Traz um amigo também… não

Ivan virando-se para o irmão e pronunciando um verdadeiro escândalo moral: “Não se pode amar o próximo. Posso amar o distante. Mas não o próximo” (ou qualquer coisa do género, pois vai citado de memória dos Irmãos Karamazov). Zizek e a sua luta contra o Love thy neighboor as thyselfe, o mesmo é dizer contra a moral do reconhecimento, ou mais ainda contra a tese do rosto de Lévinas, a que Bauman estranhamente adere, a de que o estranhamento é tanto menor quanto o rosto do outro seja conhecido; o maior imperativo ético, a de que a imponderabilidade da alteridade do outro seja respeitada. Daqui extraiu Bauman a imperfeita ideia segundo a qual o holocausto teria decorrido da desumanização do judeu, ou seja, do processo de estranhamento, de afastamento do judeu, laboriosamente consumado pelas autoridades nazis. Talvez. Mas isso não explica por que razão a mesma indiferença perante a irradicação, o extermínio, a matança em massa, foi aplicada aos ciganos, homossexuais, comunistas e outros objectos impuros do regime. É certo que nada se compara à dimensão da Endlösung der Judenfrage (a solução final para a questão judaica), nem tão-pouco houve uma tão grande determinação numa Endlösung no que respeita os outros grupos aqui referidos. Mas isso não é significativo. O que é significativo para a questão do conhece o teu vizinho e ama-lo como se fosses tu próprio – o conhecimento do outro, humaniza-o – é que nenhuma das outras categorias (e justamente o transformá-los em categorias era de antemão prepará-los para a matança) foi objecto do mesmo processo de estranhamento. Invertamos a tese: o judeu teve que ser objecto de estranhamento porque era aquele que menos coincidia com uma percepção directa de impureza. Ao passo que os ciganos, comunistas, homossexuais etc, eram facilmente colocados numa matriz que os representava como inimigos internos. O seu conhecimento, a sua proximidade, não impediu em nada que fossem elaborados enquanto números num carnaval mecânico de extermínio.

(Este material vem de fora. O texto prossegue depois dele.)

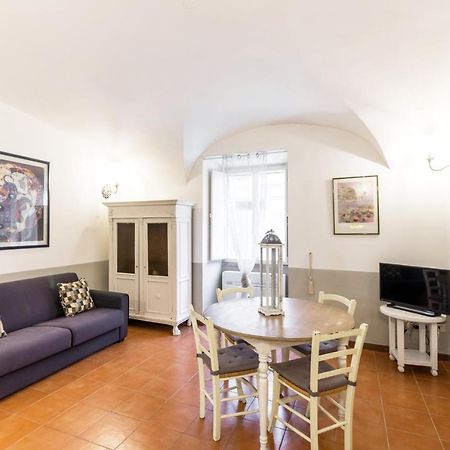 Masi Apartment Rom Eksteriør billede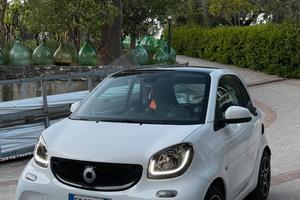 Smart fortwo 90cv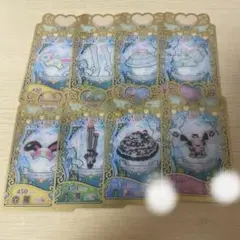 プリマジ イースターバニー 一式 2色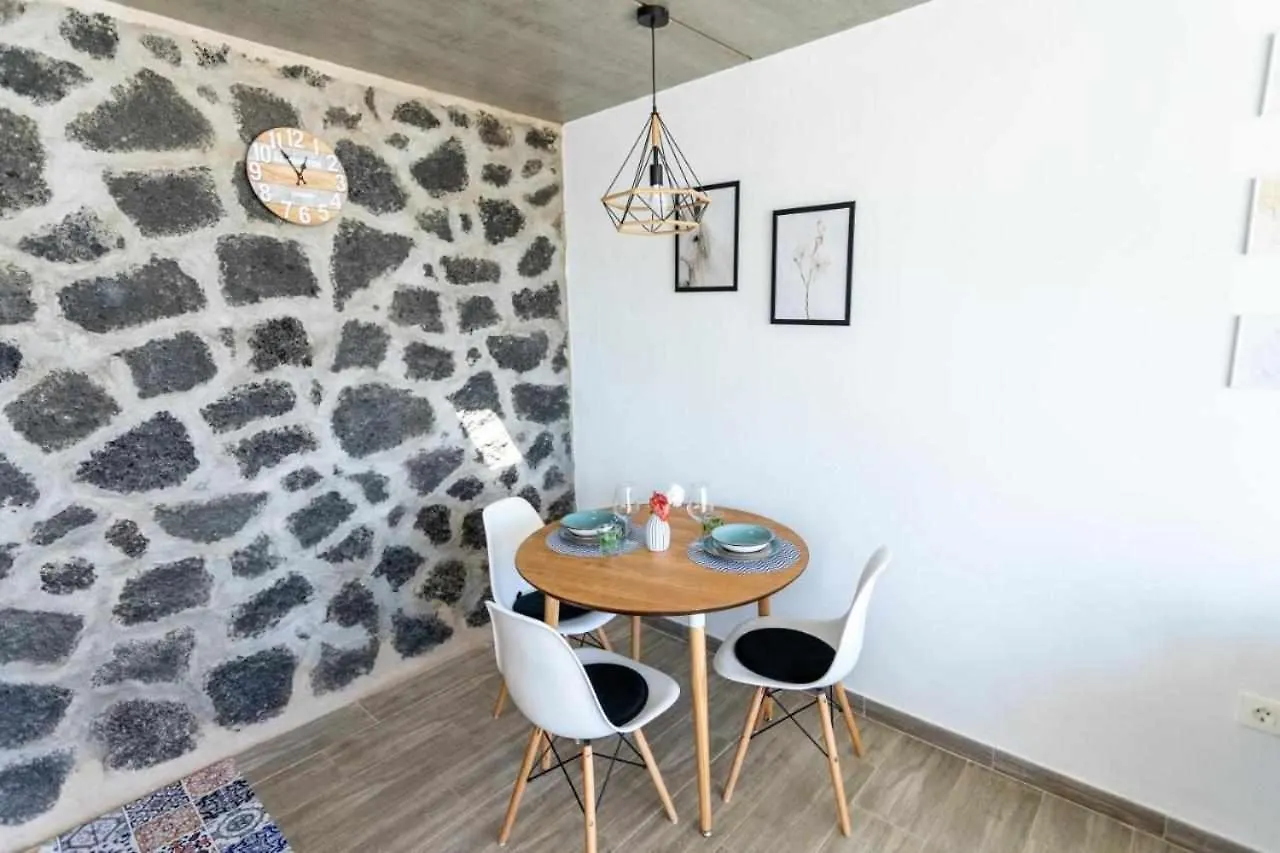 La Asomada  Suites Bene Lanzarote La Asomada (Lanzarote)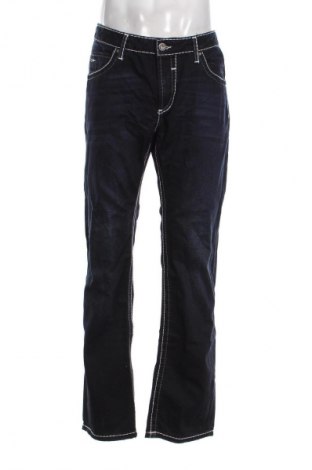 Herren Jeans Camp David, Größe L, Farbe Blau, Preis € 50,99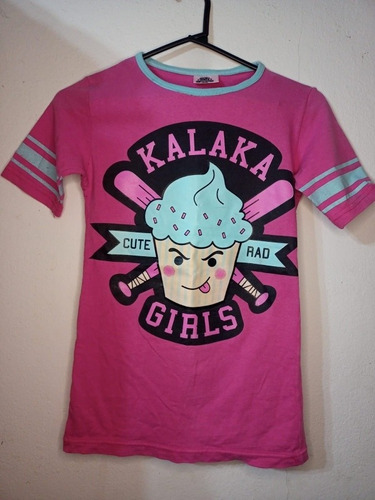 Remera Kalaka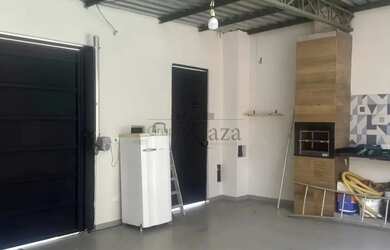 Imagem 7: Oportunidade - Casa - Setville Altos de São José - 3 Dormitórios - 130m²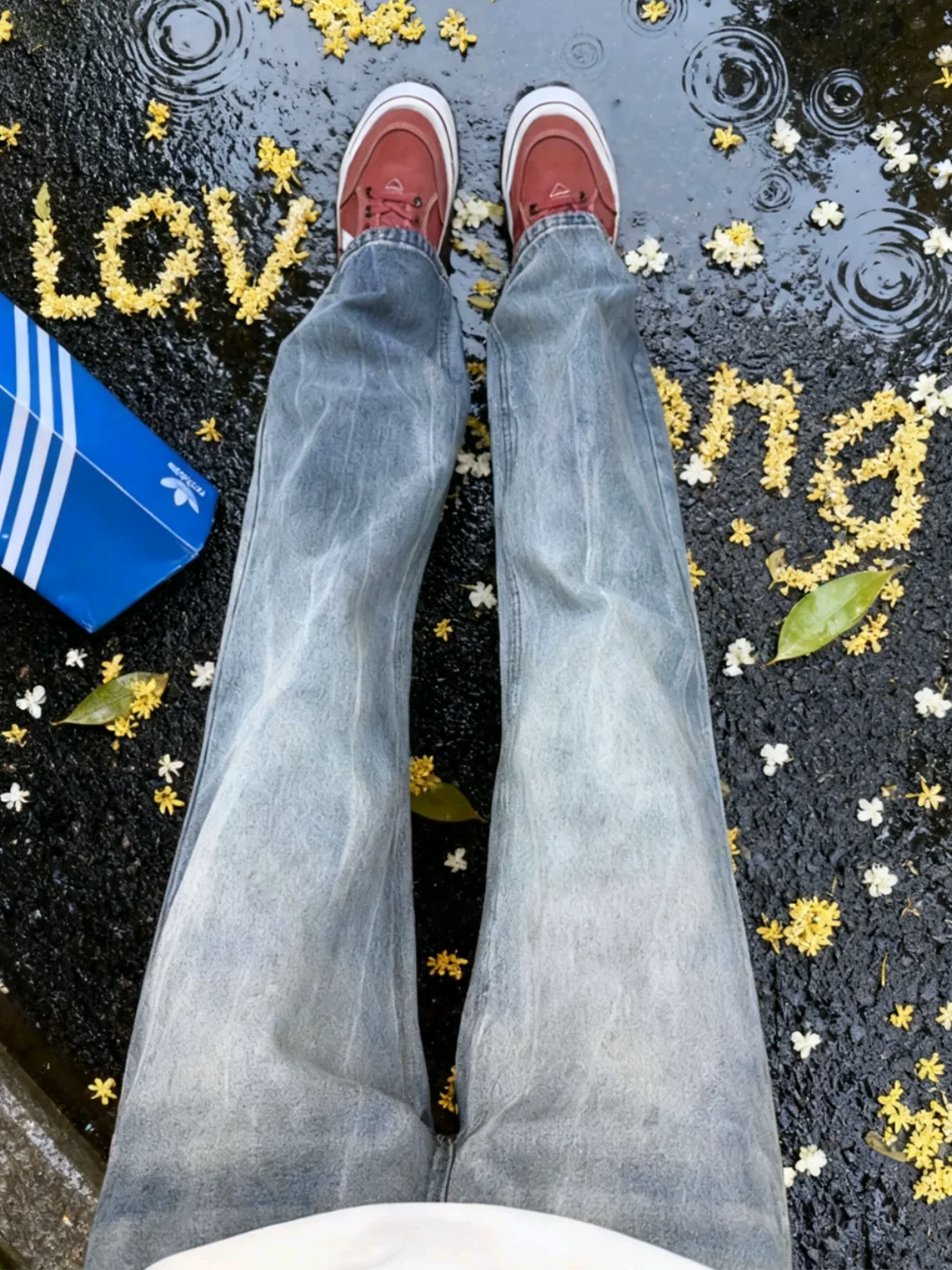 Jeans da Uomo Lavati Nero Grig - Street Fashion Vibes recensione e prezzo
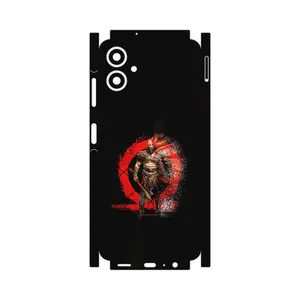 MAHOOT GOD_OF_WAR-FullSkin Cover Sticker for Samsung Galaxy A06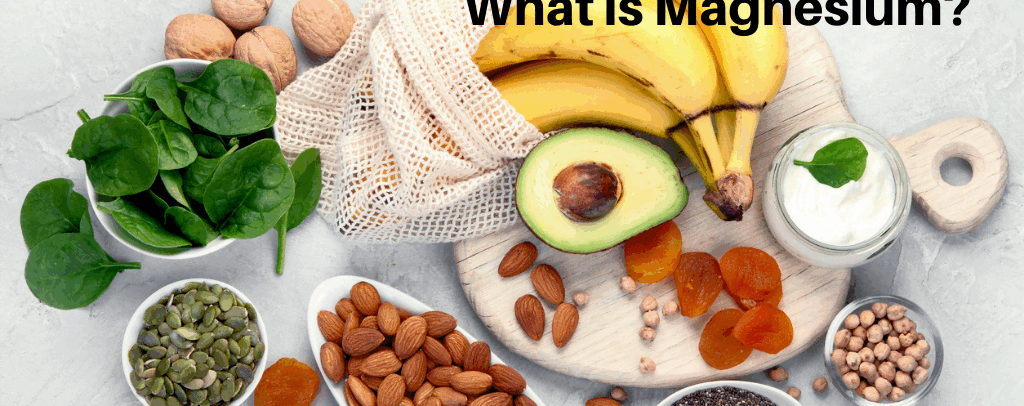 What Is Magnesium?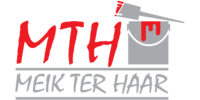 Kundenlogo Maler MTH Meik ter Haar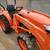 Kubota L3301 Tractor 16 thumbnail
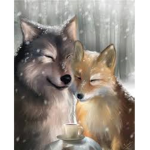 *WP* Wolf PACK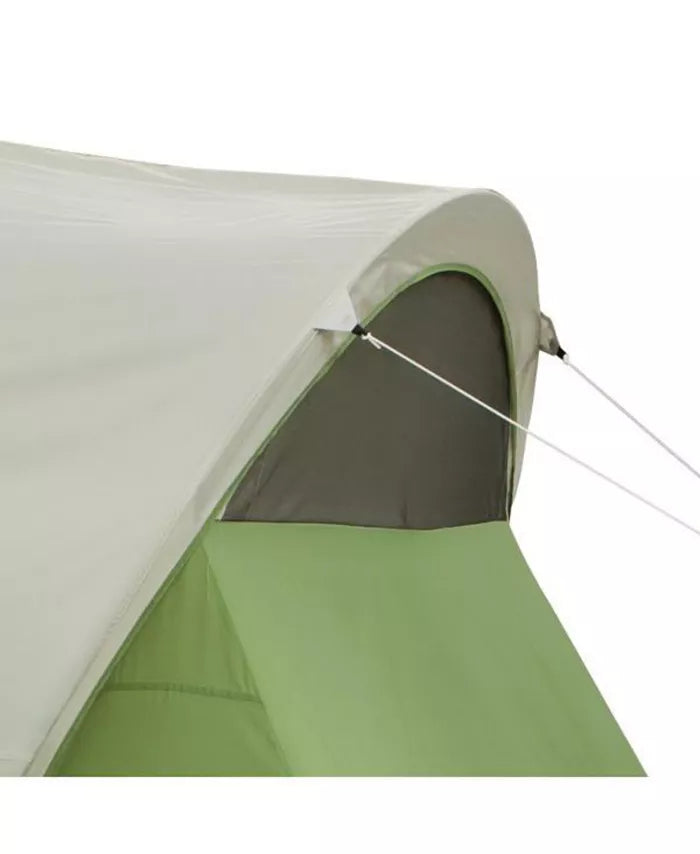 Load image into Gallery viewer, Used Coleman Montana 8-Person Camping Tent
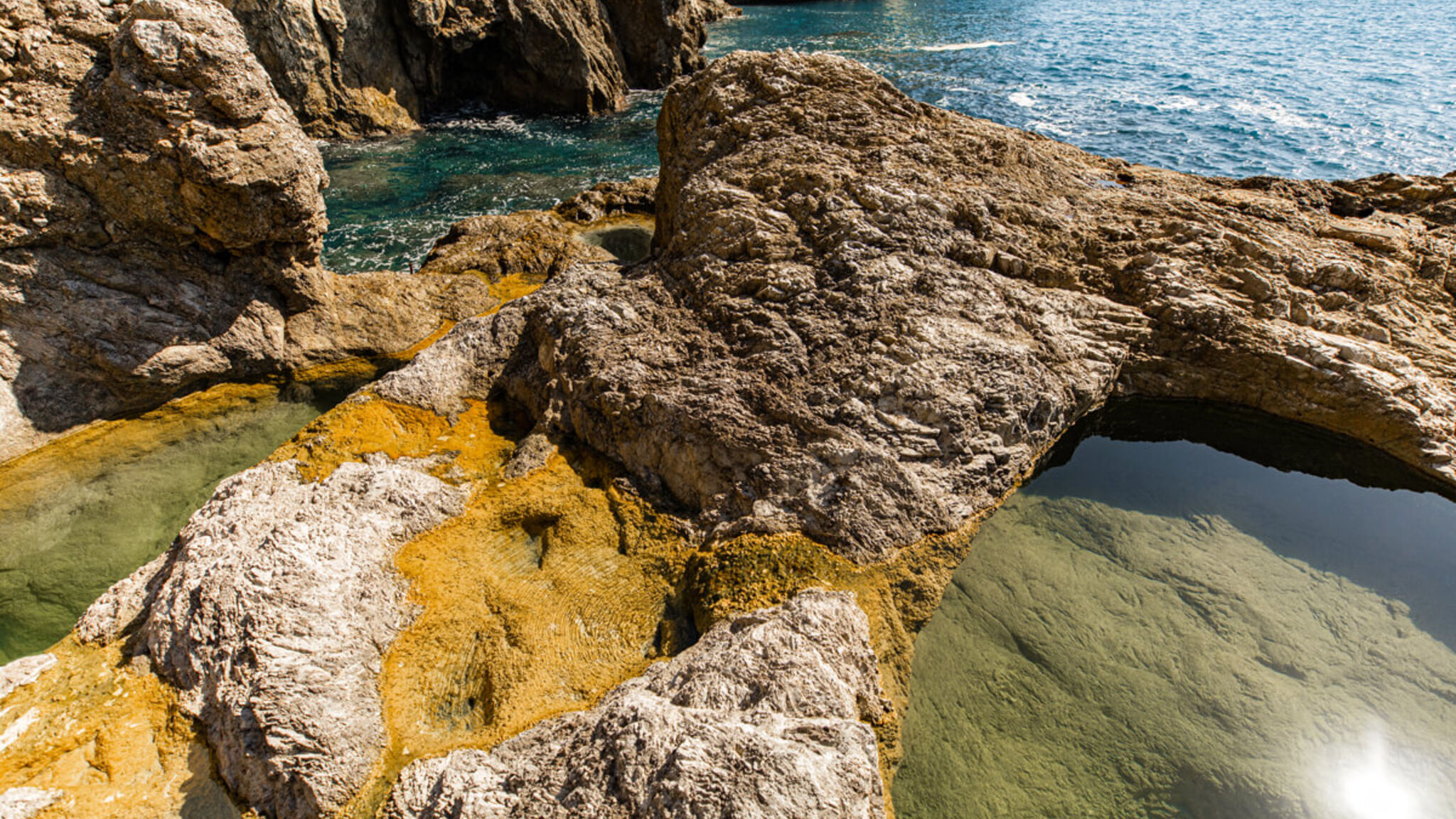 Italianway Maiori Villa Luna by MyVillaCollection 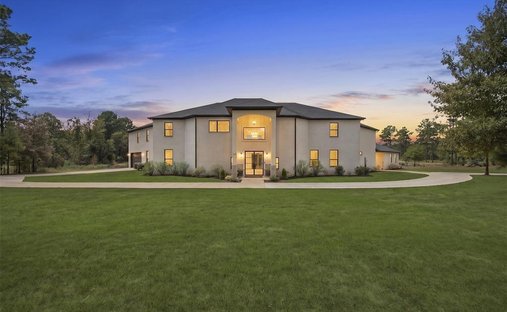 Casa en Longview, Texas, Estados Unidos 1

A Europa dos outros nasceu à sombra do holocausto. A Europa assim como foi pensada após a segunda grande guerra, organiza-se em torno da impossibilidade de viver com o outro herdada do holocausto. Herança pesada. E não surpreende que o conhecimento do outro, arreigadamente estruturante de uma Europa integradora das diferenças nacionais (mas não só) paire como verdadeira necessidade cultural sobre o projecto unificador da Europa. A retórica do “outro”, do medo do outro combatido com o conhecimento do “outro” é uma gramática europeia e traz no seu bojo o fantasma do holocausto. Hanna Arendt é sempre chamada para estas coisas – a banalidade do mal: Eichmann afinal não seria mais do que um banal burocrata sem consciência do que fazia, levado ao excesso pela brutal eficácia da máquina ideológica nazi. Dá a conhecer o homem, o homem comum, e ele mostra-te a sua humanidade por baixo da esmagadora máquina que o compele. Muita desta lógica, desta retórica do conhecimento do outro encontra-se em plena laboração nas teorias e modelos do contacto. Muito daquilo que hoje recebe o nome de interculturalidade escora-se neste pressuposto fundamental da “banalidade do mal”: se conheceres o outro, os teus receios e dúvidas dissipam-se. Ele é afinal um homem/mulher como tu. Processo de identificação imediato com o que de humano existe em todos nós. Se tem rosto é aceitável; quando desprovido de um rosto, é repudiável.

Zizek mostrou com uma incisiva inversão do paradigma arendtiano que as coisas não se passavam bem assim. O homem Eichmann que aparece no tribunal reduzido à sua dimensão humana – frágil e nada monstruosa – não exculpa o gozo (a jouissance) dos seus actos. Para Zizek é claro: não apenas os banais alemães não foram levados às cegas pela máquina burocrática ao empenho no extermínio, como o testemunho do sadismo com que tratavam as vítimas revela que havia gozo naquilo que se fazia. Diz Zizek, a obediência não comportava um voluntarismo inerme, mas antes um gozo obsceno.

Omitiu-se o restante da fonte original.